Work task.
From the data below, return only the lines from the one with "Café 2 s'enroule" through the one with "Healthy food label", exact and inclusive, with pictures left out.
Content starts
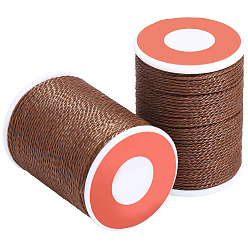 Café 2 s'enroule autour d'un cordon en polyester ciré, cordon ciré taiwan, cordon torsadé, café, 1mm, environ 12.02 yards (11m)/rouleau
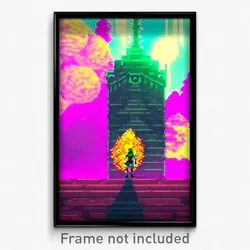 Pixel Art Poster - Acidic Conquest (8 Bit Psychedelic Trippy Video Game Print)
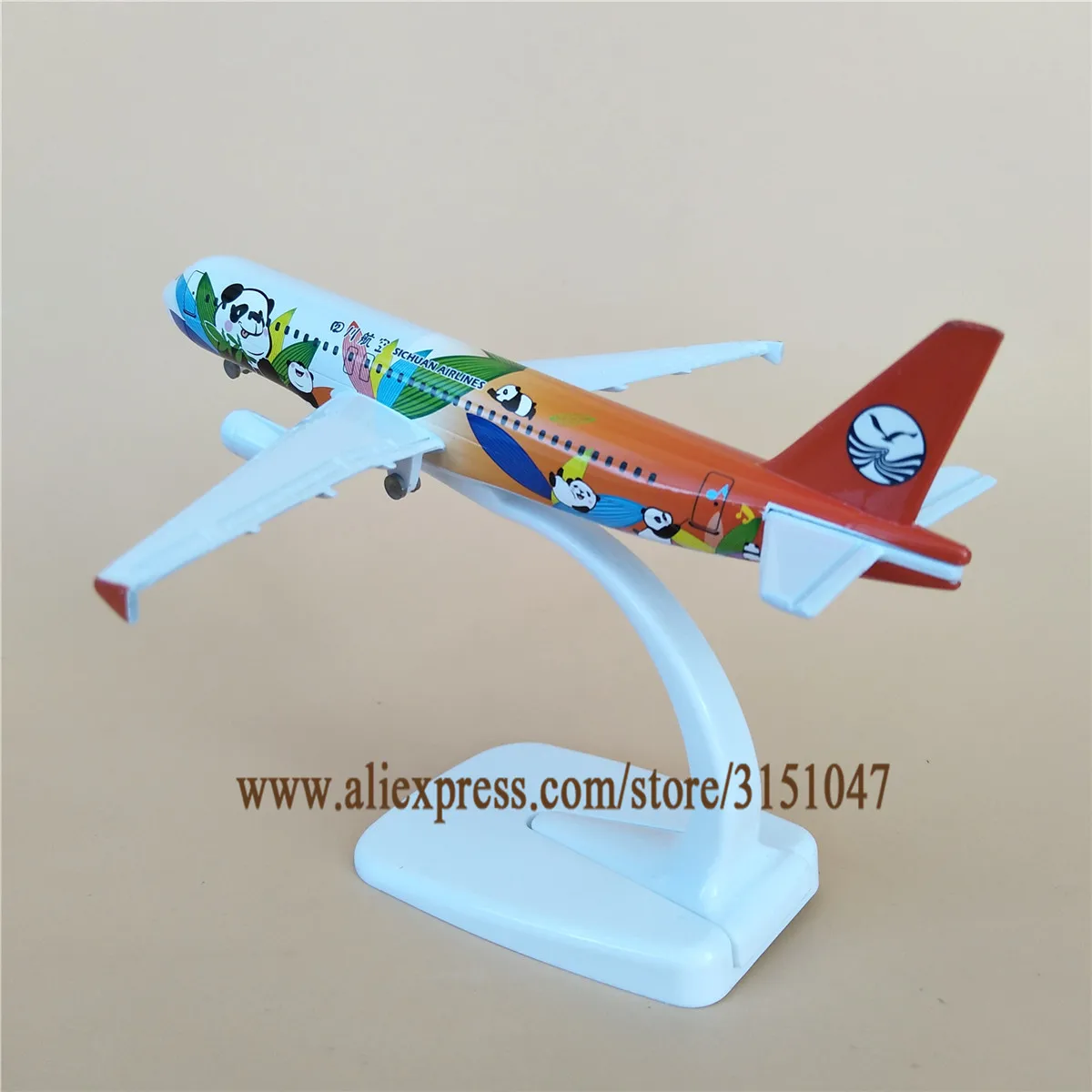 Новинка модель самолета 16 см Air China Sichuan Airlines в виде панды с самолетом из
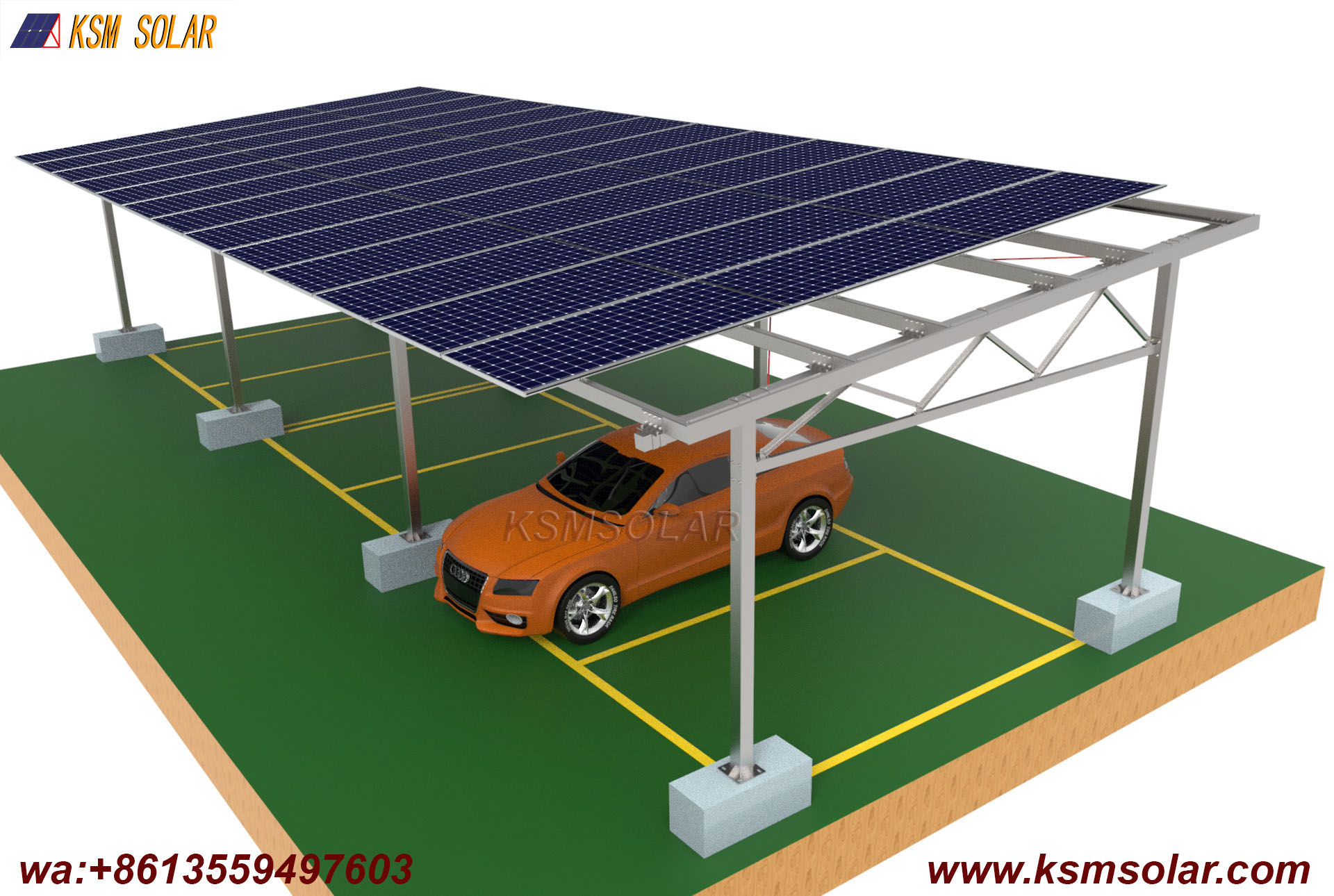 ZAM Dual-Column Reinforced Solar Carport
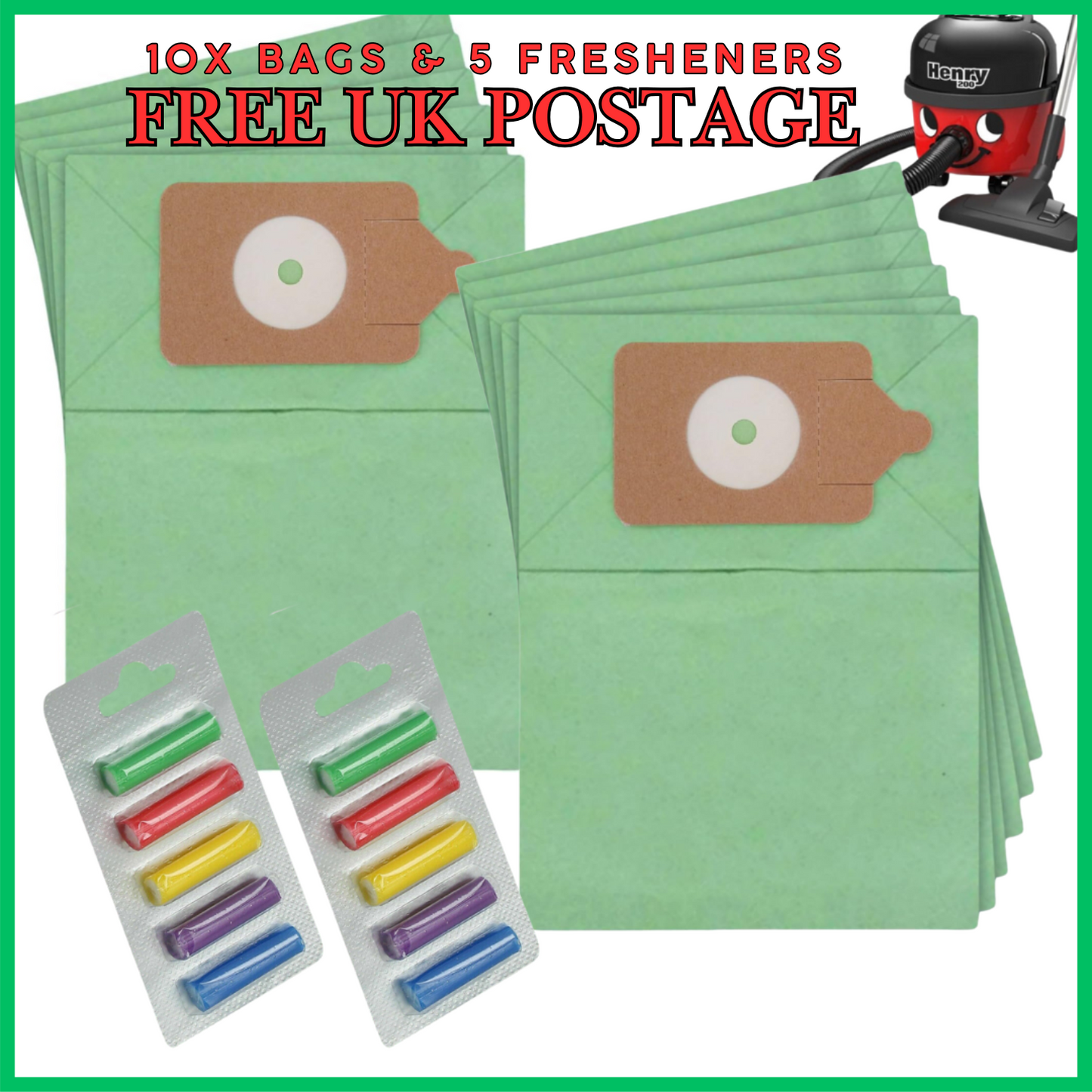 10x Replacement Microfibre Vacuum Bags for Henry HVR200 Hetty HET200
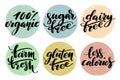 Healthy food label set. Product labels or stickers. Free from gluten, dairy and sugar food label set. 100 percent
Content ends
Content starts
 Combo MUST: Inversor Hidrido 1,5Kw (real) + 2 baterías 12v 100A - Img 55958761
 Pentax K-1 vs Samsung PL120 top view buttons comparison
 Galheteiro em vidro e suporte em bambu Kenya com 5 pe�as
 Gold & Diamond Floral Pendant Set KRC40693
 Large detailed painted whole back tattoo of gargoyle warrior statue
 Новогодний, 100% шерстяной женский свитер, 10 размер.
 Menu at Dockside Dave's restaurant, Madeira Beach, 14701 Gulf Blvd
Content ends
Reply to the exercise.
 Café 2 s'enroule autour d'un cordon en polyester ciré, cordon ciré taiwan, cordon torsadé, café, 1mm, environ 12.02 yards (11m)/rouleau
 Pixel Art Poster - Acidic Conquest (8 Bit Psychedelic Trippy Video Game Print)
 Новинка модель самолета 16 см Air China Sichuan Airlines в виде панды с самолетом из
 ZAM Dual-Column Reinforced Solar Carport
 10x Replacement Microfibre Vacuum Bags for Henry HVR200 Hetty HET200
 Healthy food label set. Product labels or stickers. Free from gluten, dairy and sugar food label set. 100 percent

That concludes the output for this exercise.